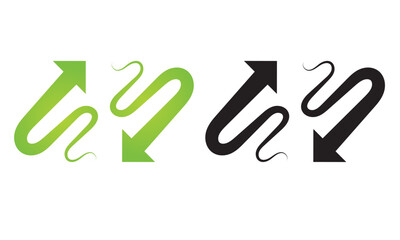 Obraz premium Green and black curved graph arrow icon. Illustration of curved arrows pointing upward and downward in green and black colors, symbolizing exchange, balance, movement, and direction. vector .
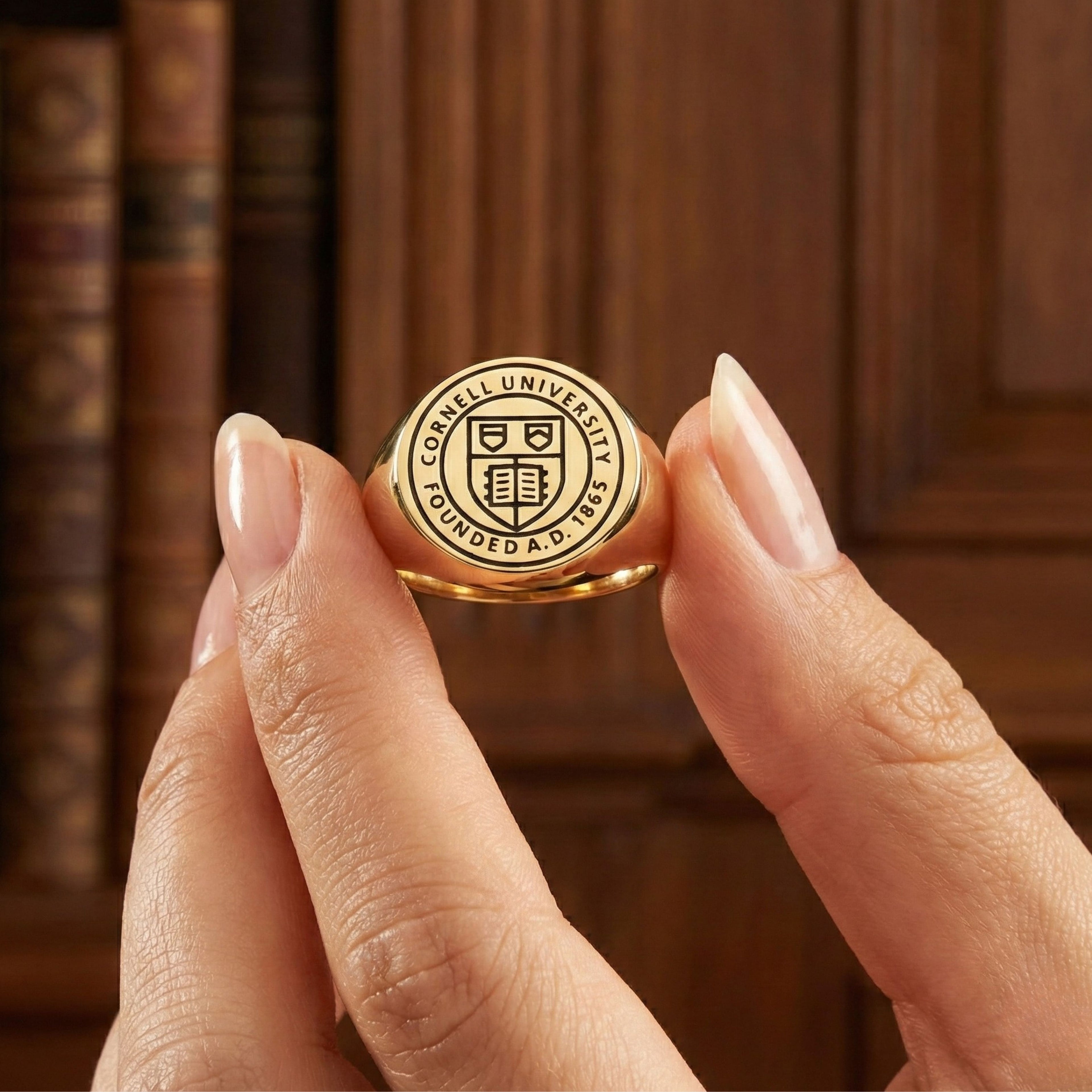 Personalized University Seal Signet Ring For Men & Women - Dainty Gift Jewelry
==
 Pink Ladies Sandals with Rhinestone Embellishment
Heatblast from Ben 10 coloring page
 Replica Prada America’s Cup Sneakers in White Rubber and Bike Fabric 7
--
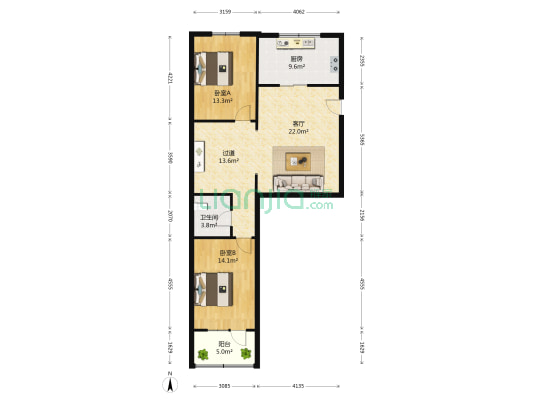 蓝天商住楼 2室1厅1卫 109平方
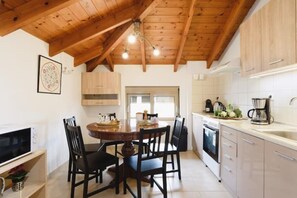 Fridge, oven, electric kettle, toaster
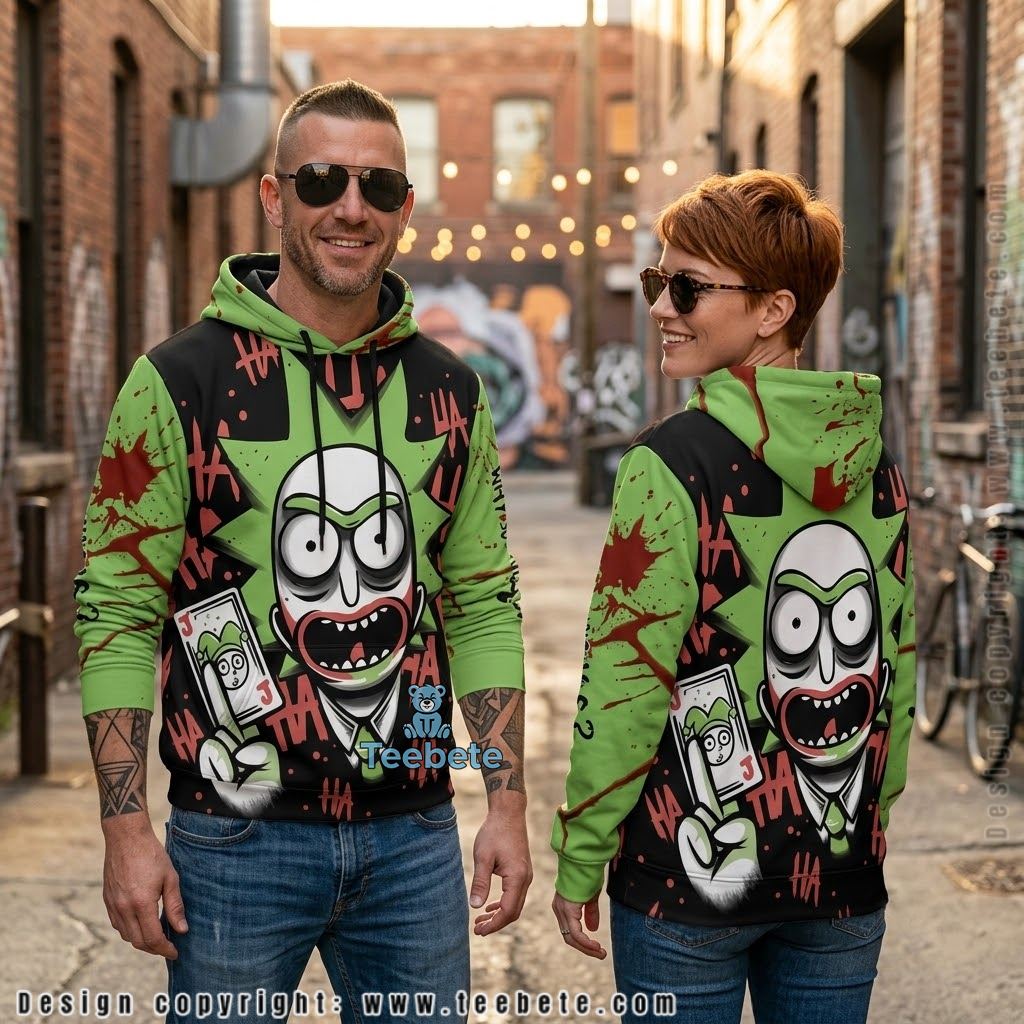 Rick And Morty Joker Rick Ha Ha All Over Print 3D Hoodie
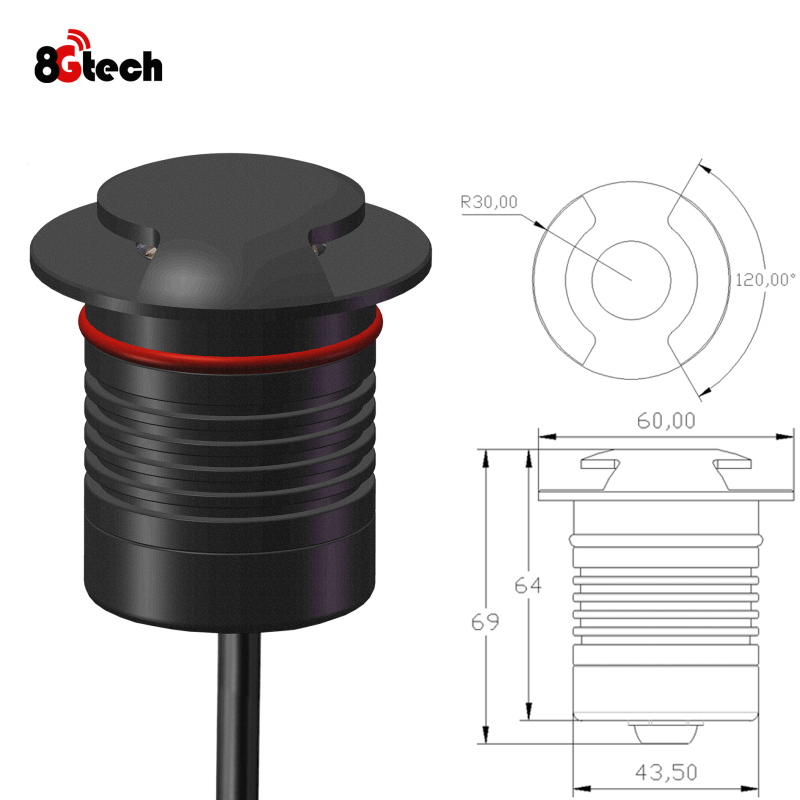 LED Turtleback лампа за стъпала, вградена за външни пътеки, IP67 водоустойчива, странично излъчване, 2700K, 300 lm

What the task asks »
Only one stretch of the data is wanted: write out exactly the lines from the one holding "Fridge, oven, electric kettle, toaster" through the one holding "LED Turtleback лампа", both included, without the pictures.

Solution »
 Fridge, oven, electric kettle, toaster
 Rick And Morty Joker Rick Ha Ha All Over Print 3D Hoodie
 LED Turtleback лампа за стъпала, вградена за външни пътеки, IP67 водоустойчива, странично излъчване, 2700K, 300 lm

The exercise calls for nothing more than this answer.